In an era when institutional sustainability is under a microscope, it’s time to take a closer look at Historically Black Colleges and Universities (HBCU) —not just for what they’re up against, but for what they’ve endured.
The opportunity emerges from work conducted at Baker Tilly as part of its ongoing efforts to improve the financial resiliency of colleges and universities nationwide – ensuring they are able to flourish as critical engines of workforce development and social mobility despite massive shifts in the landscape on which they operate.
The work resulted in a tool that leverages longitudinal data, 2010-23 from IPEDS and other publicly available sources. The tool is used to:
- Analyze institutions’ financial strengths and weaknesses
- Benchmark them against peers
- Evaluate their financial vulnerabilities against predictive risk patterns that emerge from mining the larger longitudinal corpus comprising over 3,000 institutions
- Offer guidance based on a database of financial recovery strategies
The tool is also able to profile whole groups of institutions – think, for example, HBCUs – the topic of this blog – rural serving institutions, the institutions that make up a university or college system, and a state’s private or public sector higher education institutions.
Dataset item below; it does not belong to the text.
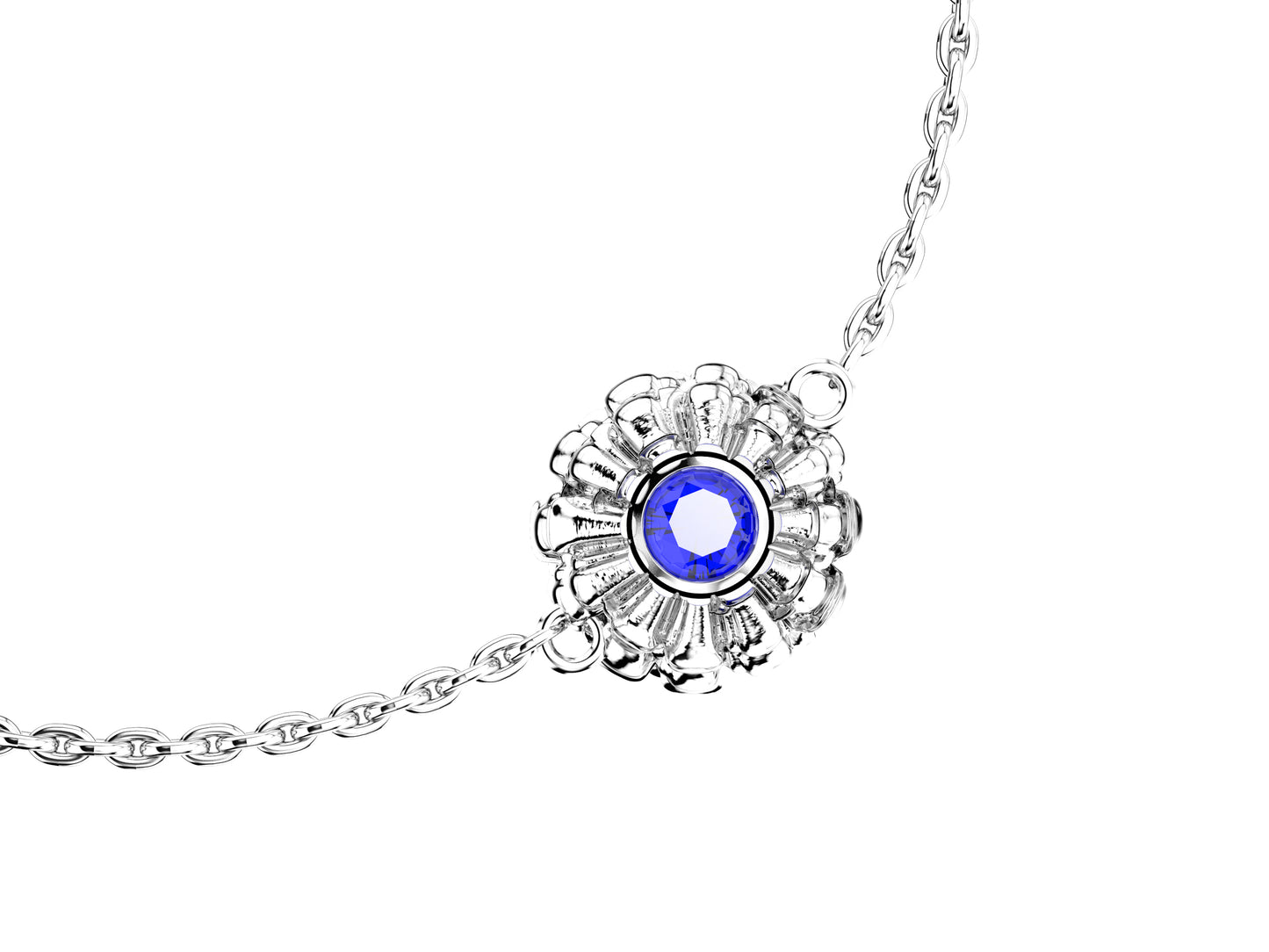 Flower bracelet, 18K white gold, blue spinel.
The tool has been calibrated against institutions that are closed or acquired, have been put onto heightened cash management, that announce major budget deficits and/or financial cuts and restructuring plans. And because it is designed to learn, it “gets smarter” with every analysis; its predictive powers become increasingly targeted and more reliable.
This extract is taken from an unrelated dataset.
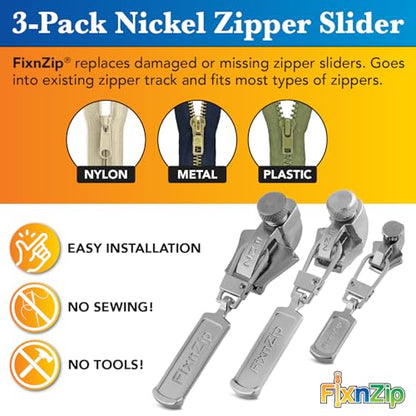 Small, Medium, and Large Nickel Zipper Repair Kit Bundle | Universal No-Sew Slider Replacement Kit for Clothes, Jackets, and More | Instant and Reusable Zipper Repair Tool | Sizes 1-10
More details about the tool and its operations are forthcoming.
In the meantime, this blog represents the first based on insights derived from its ongoing use. It is a cross-sector analysis of HBCUs, and it paints a picture that’s both familiar and revealing. Familiar because these institutions have long operated at the intersection of high mission and high constraint. Revealing because the data shows just how consistently they’ve adapted across Carnegie Classifications and governance structures—and what that says about the systems surrounding them.
Topline takeaway: HBCUs tend to fall in the moderate risk zone on financial health assessments—not because they’re flush, but because they’ve learned to navigate volatility without the cushions most of their peers take for granted. Their performance metrics show resilience, yes—but also dependency. Not on tuition or endowment income. On policy.